::: SUPPLIED MATERIAL :::

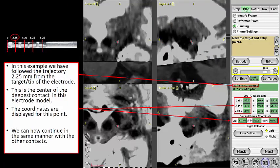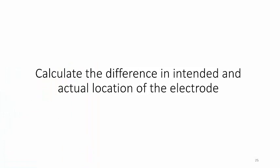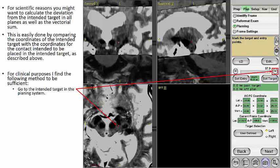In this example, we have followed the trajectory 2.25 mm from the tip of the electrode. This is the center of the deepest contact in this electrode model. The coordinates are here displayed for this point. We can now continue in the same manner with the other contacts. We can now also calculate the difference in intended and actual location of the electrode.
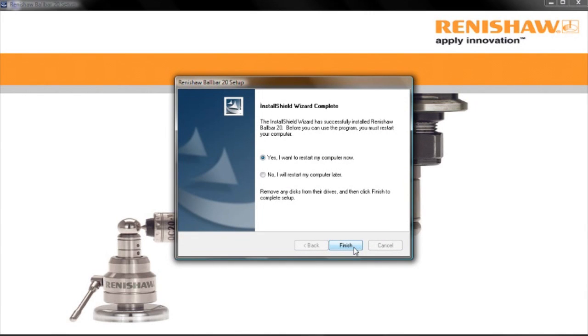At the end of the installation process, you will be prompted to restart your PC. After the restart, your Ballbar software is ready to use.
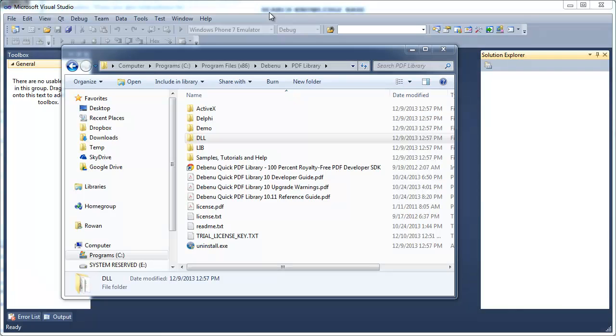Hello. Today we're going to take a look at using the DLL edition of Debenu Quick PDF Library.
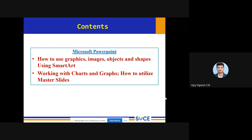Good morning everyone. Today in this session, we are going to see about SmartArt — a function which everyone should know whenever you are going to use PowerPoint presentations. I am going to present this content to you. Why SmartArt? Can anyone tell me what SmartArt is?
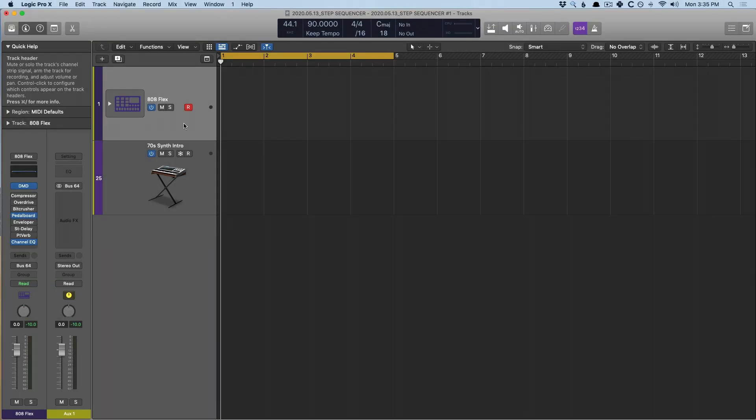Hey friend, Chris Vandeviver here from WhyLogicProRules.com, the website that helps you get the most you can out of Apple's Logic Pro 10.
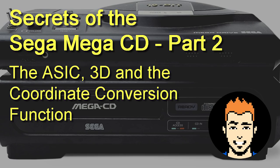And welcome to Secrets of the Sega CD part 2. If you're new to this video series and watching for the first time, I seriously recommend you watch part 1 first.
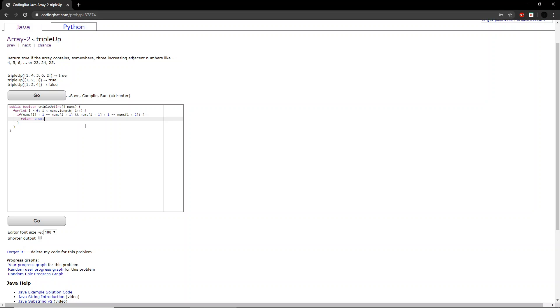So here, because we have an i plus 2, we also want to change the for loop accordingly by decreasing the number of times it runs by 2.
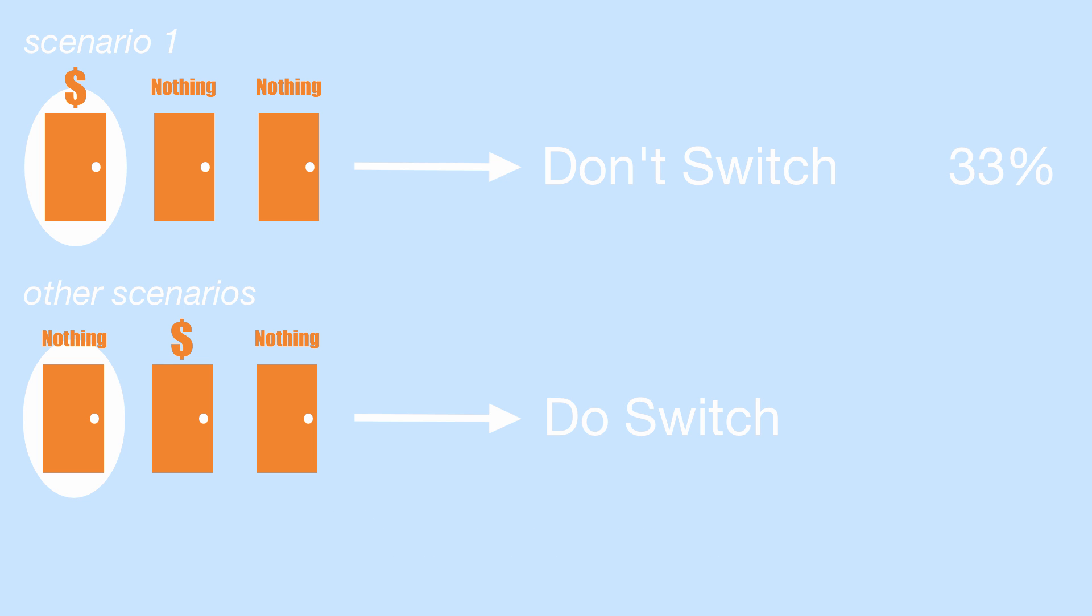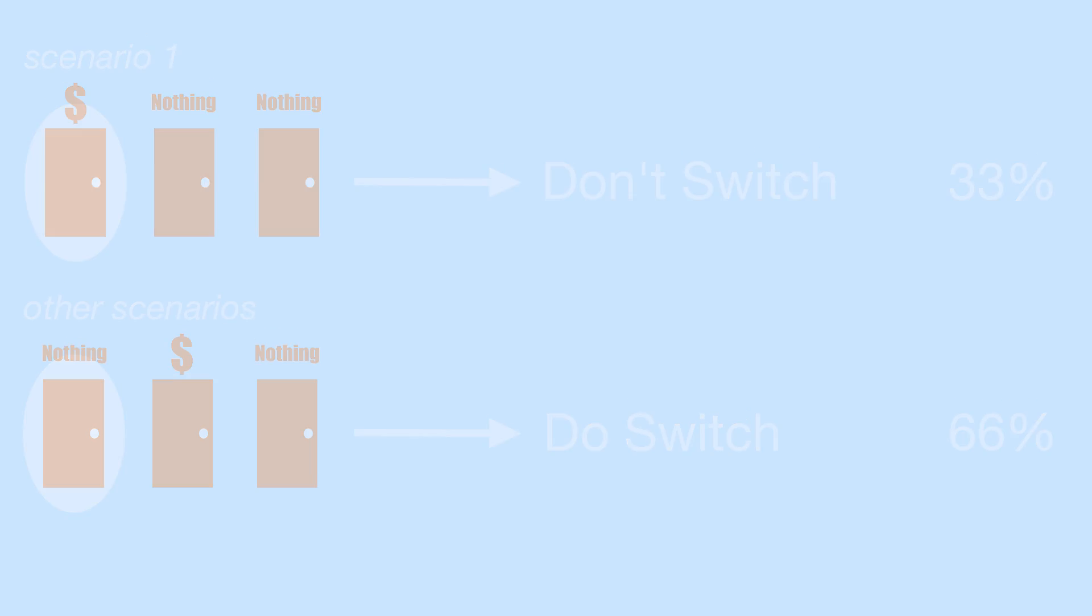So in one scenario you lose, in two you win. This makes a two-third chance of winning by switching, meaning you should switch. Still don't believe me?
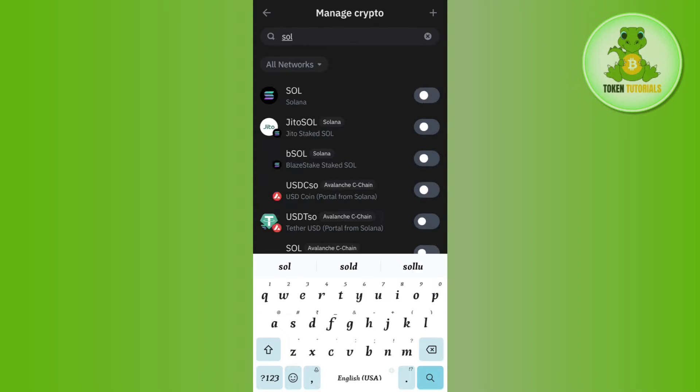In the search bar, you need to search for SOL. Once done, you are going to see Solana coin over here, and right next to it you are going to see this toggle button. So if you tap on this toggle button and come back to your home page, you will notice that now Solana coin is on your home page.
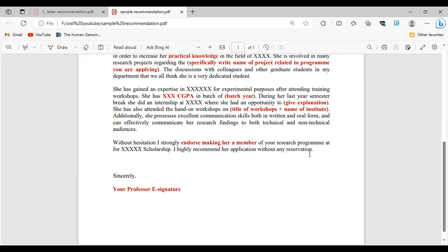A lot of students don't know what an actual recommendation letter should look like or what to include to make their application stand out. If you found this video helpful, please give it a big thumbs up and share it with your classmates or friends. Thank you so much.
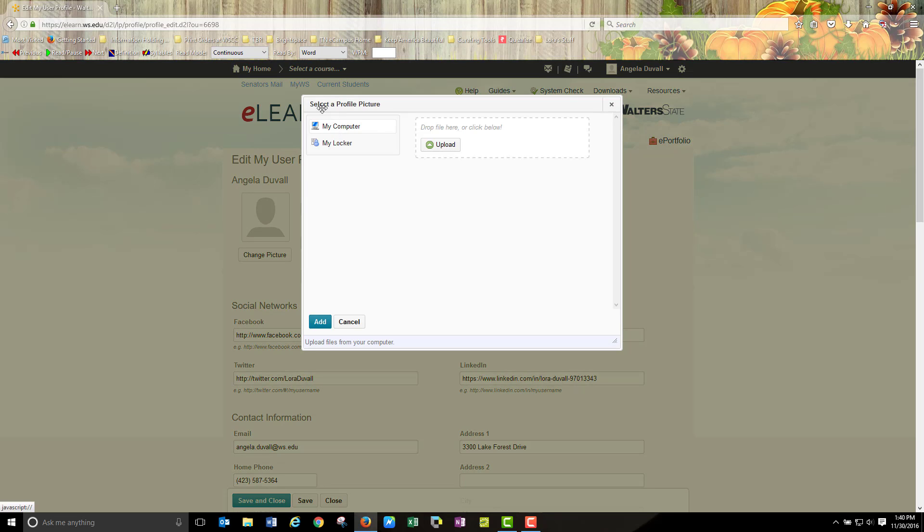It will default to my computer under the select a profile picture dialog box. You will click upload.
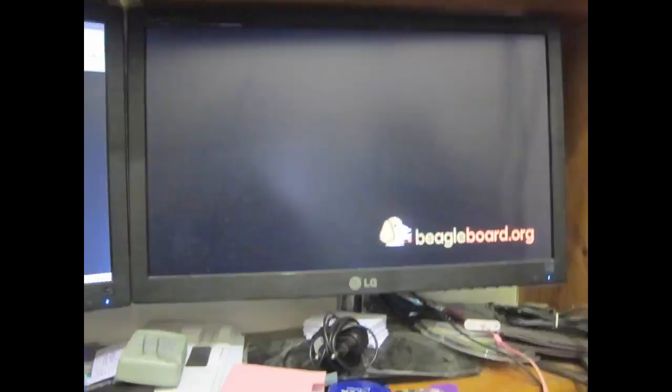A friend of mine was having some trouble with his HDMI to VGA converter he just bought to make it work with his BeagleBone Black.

:::
::: SUPPLIED MATERIAL :::

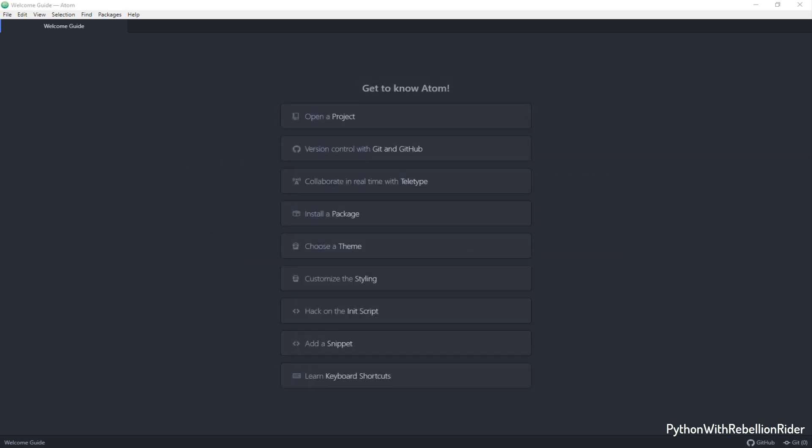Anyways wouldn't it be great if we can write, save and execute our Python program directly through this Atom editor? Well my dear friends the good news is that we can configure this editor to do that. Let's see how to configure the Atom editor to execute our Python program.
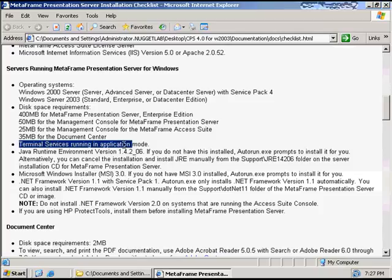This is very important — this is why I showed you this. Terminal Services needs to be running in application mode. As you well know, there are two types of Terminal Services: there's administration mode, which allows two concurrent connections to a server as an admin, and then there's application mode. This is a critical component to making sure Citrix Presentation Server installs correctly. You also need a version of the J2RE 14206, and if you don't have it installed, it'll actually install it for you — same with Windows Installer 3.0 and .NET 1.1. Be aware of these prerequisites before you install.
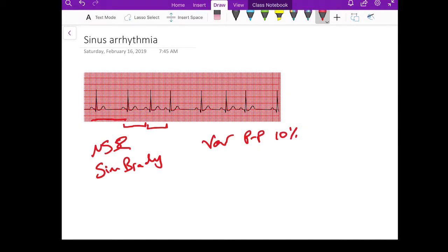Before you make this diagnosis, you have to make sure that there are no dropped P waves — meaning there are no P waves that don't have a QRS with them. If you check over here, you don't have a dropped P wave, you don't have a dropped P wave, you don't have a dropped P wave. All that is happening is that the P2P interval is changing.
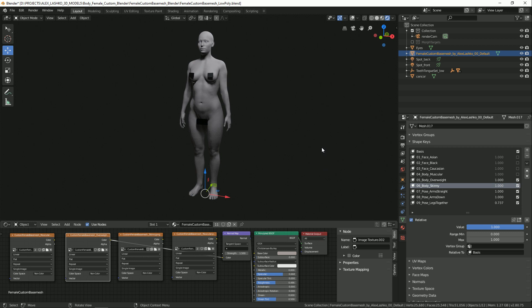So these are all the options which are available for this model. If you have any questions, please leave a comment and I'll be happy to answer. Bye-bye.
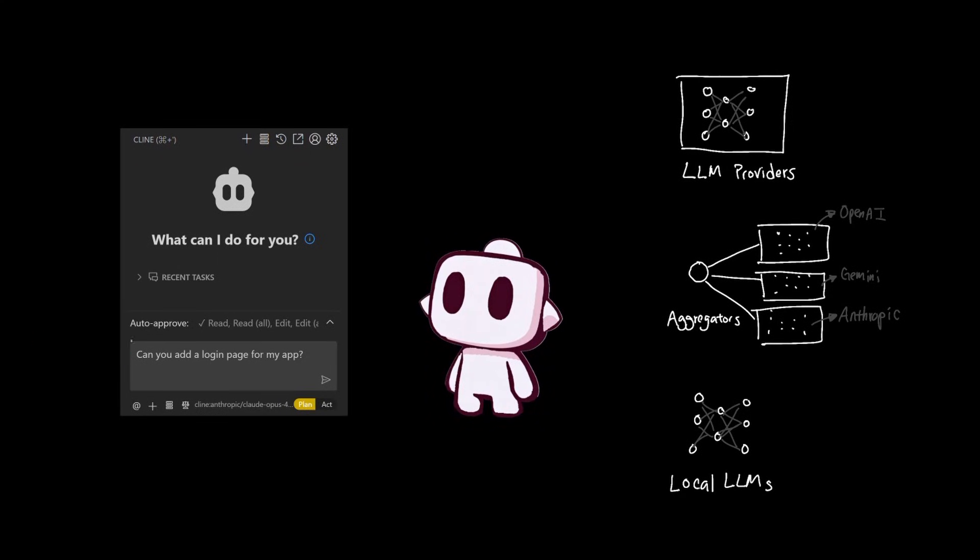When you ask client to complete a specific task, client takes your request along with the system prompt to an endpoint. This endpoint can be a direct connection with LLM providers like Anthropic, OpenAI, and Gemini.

:::
::: SUPPLIED MATERIAL :::

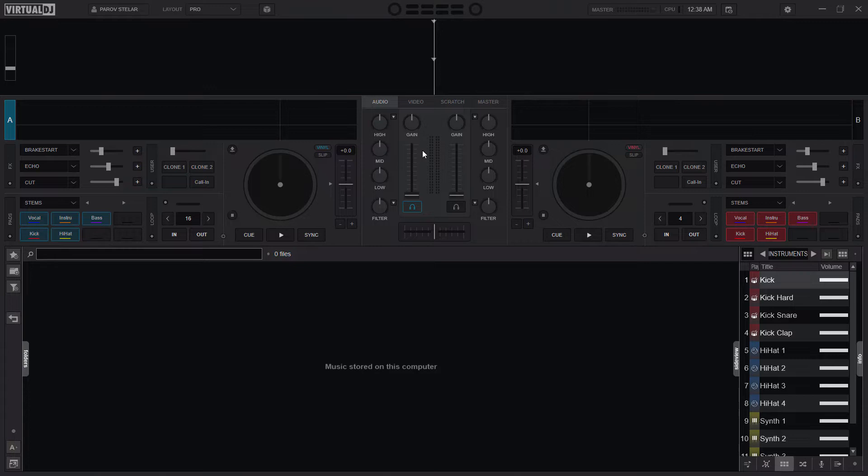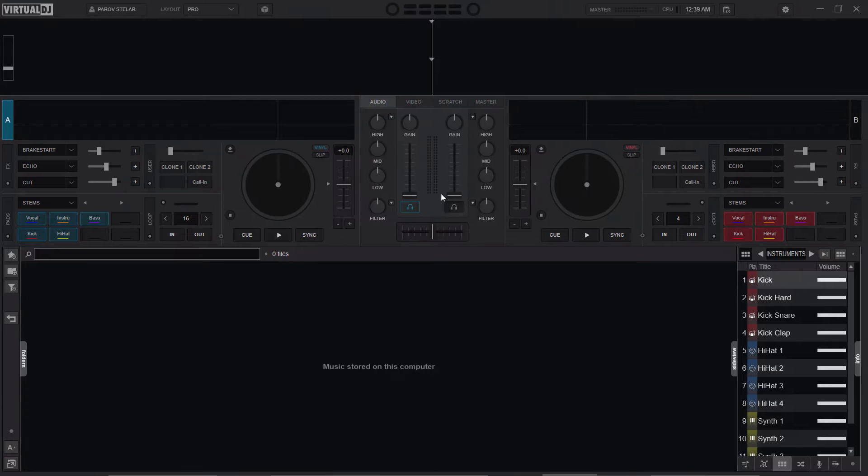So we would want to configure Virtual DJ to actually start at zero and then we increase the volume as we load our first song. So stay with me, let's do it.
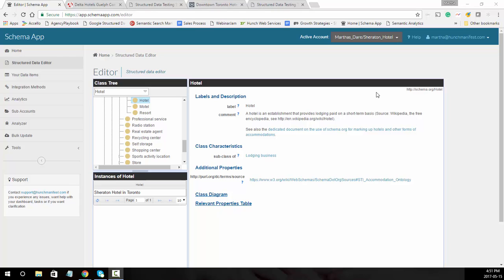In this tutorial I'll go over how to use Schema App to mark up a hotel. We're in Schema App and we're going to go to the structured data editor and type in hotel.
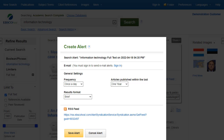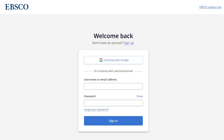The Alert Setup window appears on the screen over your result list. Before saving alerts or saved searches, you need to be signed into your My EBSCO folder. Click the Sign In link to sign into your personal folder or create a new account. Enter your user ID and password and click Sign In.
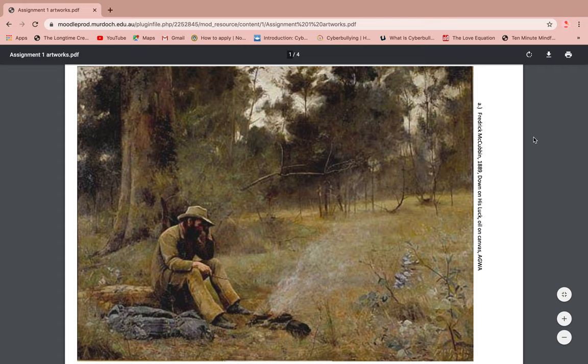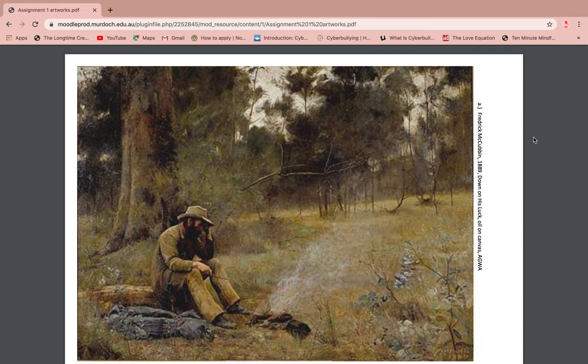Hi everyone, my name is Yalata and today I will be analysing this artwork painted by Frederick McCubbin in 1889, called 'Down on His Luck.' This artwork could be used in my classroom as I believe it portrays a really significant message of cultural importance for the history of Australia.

:::

TASK TO COMPLETE: Write down exactly what the lines above say, from the line holding "Hello. Today we're" through the line holding "Hey friend, Chris", and nothing more. Do not copy the pictures.

TASK SOLUTION:
Hello. Today we're going to take a look at using the DLL edition of Debenu Quick PDF Library.
Good morning everyone. Today in this session, we are going to see about SmartArt — a function which everyone should know whenever you are going to use PowerPoint presentations. I am going to present this content to you. Why SmartArt? Can anyone tell me what SmartArt is?
Hey friend, Chris Vandeviver here from WhyLogicProRules.com, the website that helps you get the most you can out of Apple's Logic Pro 10.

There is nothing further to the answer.